Hidden Sensitivity in Spatial Reasoning Evaluation: Diagnosis and Re-ranking with VSI-Bench
Abstract
We introduce FN-VSI, a factor-normalized score for VSI-Bench based on an information-theoretic diagnostic, which substantially re-ranks vision-language models (VLMs). Spatial reasoning benchmarks for VLMs are typically reported as aggregate task scores, but such scores are not determined by model ability alone. VSI-Bench performance is strongly affected by task-agnostic factors such as scene source, object category, ground-truth answer value, and low-level visual properties of the input video, none of which are the intended targets of evaluation. Since these factors are imbalanced and mutually entangled, raw score differences conflate spatial reasoning ability with benchmark composition.
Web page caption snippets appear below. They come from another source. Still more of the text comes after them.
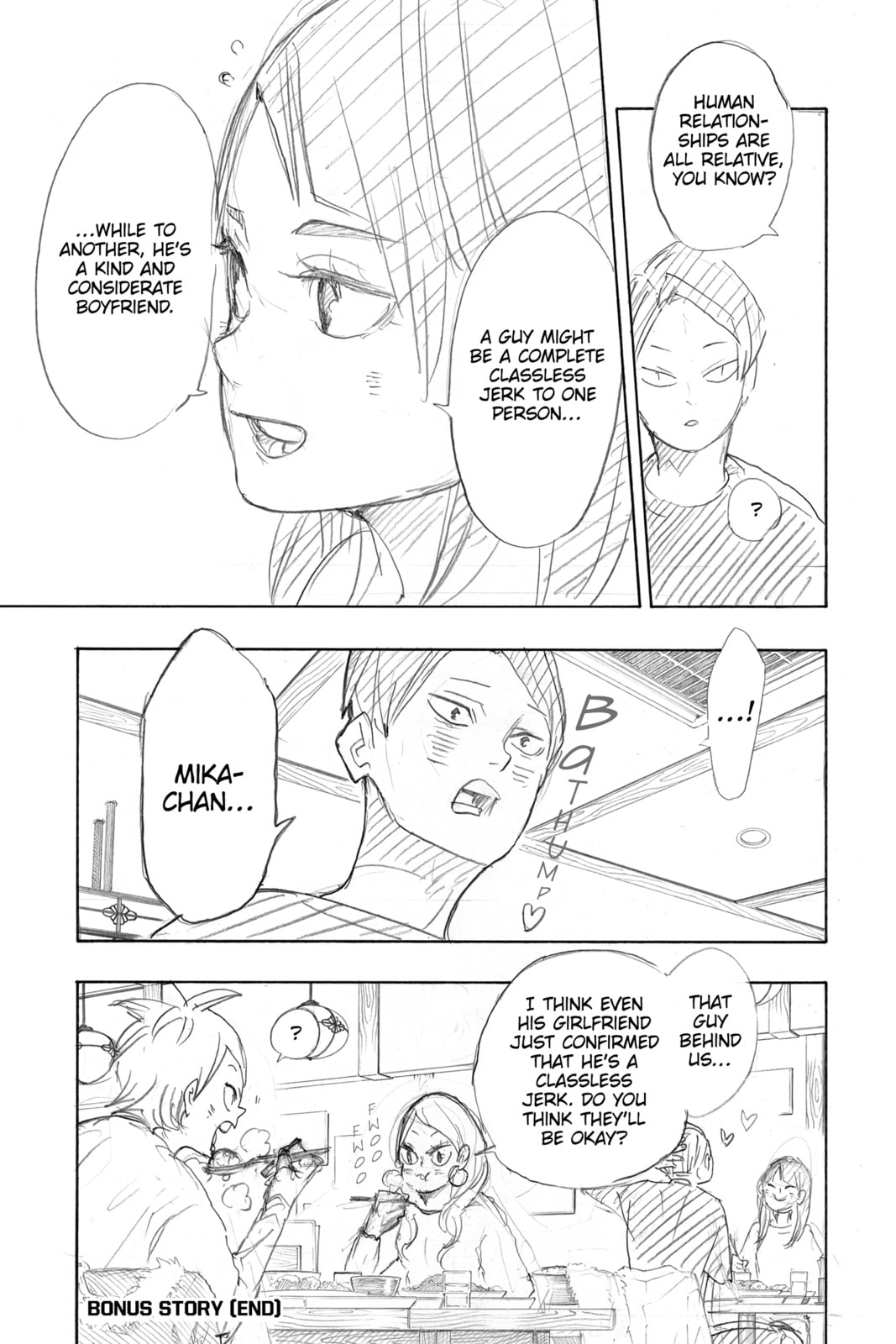 Read Haikyu!! chapter 331.1 image 1 on Lezhin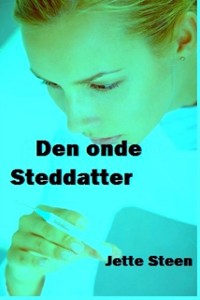 Cover Den onde steddatter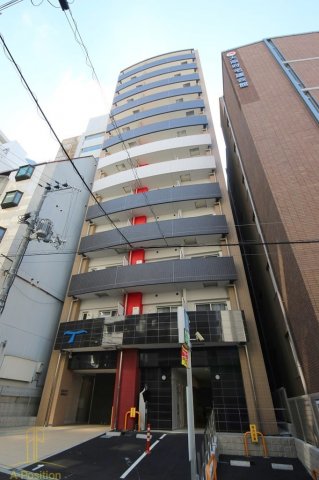 建物外観　セレニテ天満橋アリア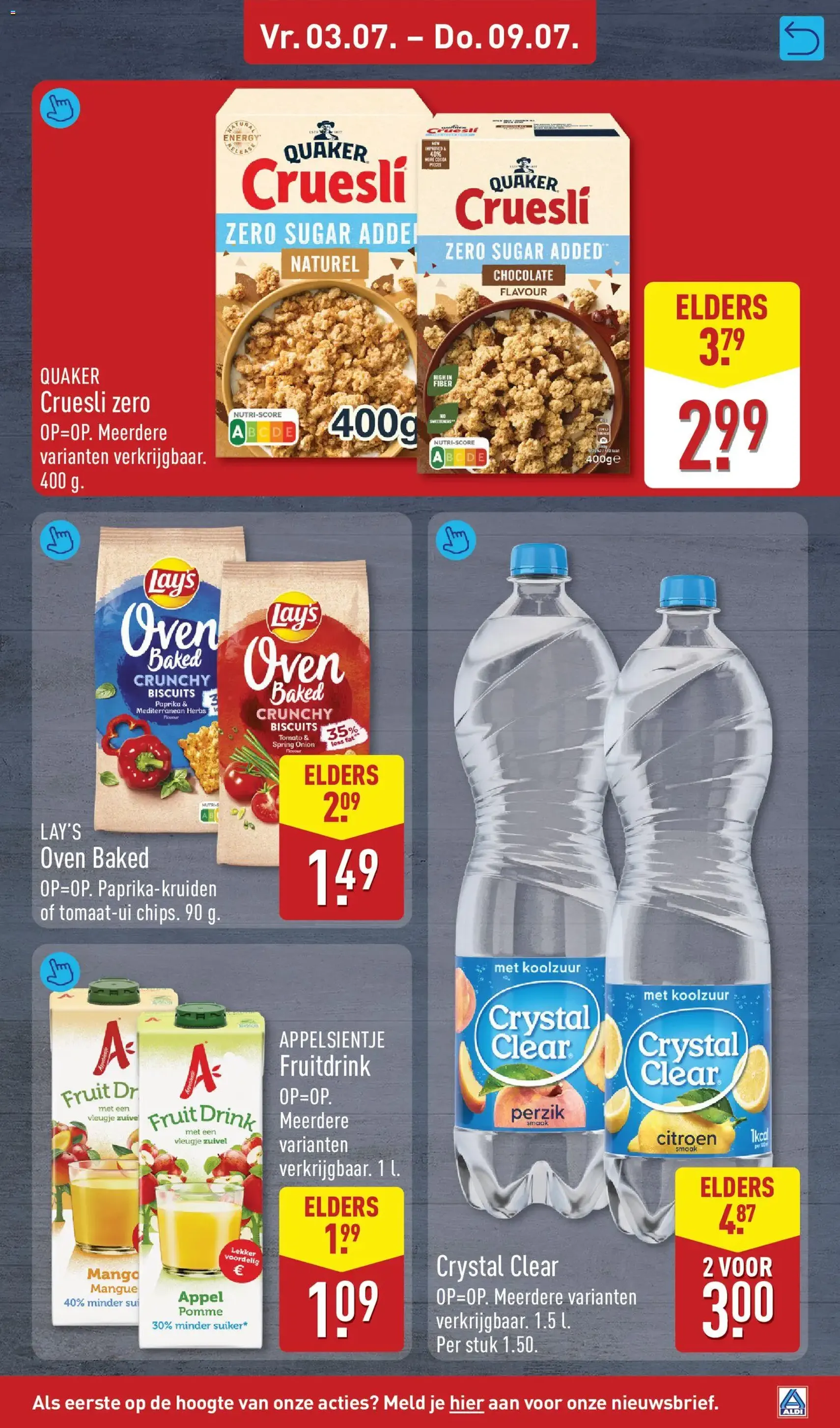 Aldi folder week 27 - geldige folder vanaf 29-06-2026 pagina 43 van 55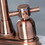 Kingston Brass KB849DXAC Concord Bar Faucet, Antique Copper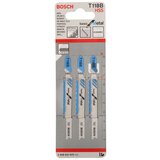 Bosch list ubodne testere T118B 92k1.9-2.3mm 3 para. Cene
To disentangle their effects, we introduce FST, a diagnostic that estimates each factor's contribution by comparing its marginal and conditional mutual information with model scores, classifying factors as direct contributors, surface correlates, suppressed effects, or negligible factors. Across VSI-Bench tasks and multiple VLMs, ground-truth answer value and queried object type emerge as strong direct contributors, while several apparent sensitivities disappear after adjustment. Building on this diagnosis, FN-VSI reweights benchmark instances to neutralize the genuine contributors identified by FST, indicating that reported spatial reasoning gains can depend on the factor mixture of the benchmark rather than on genuine ability.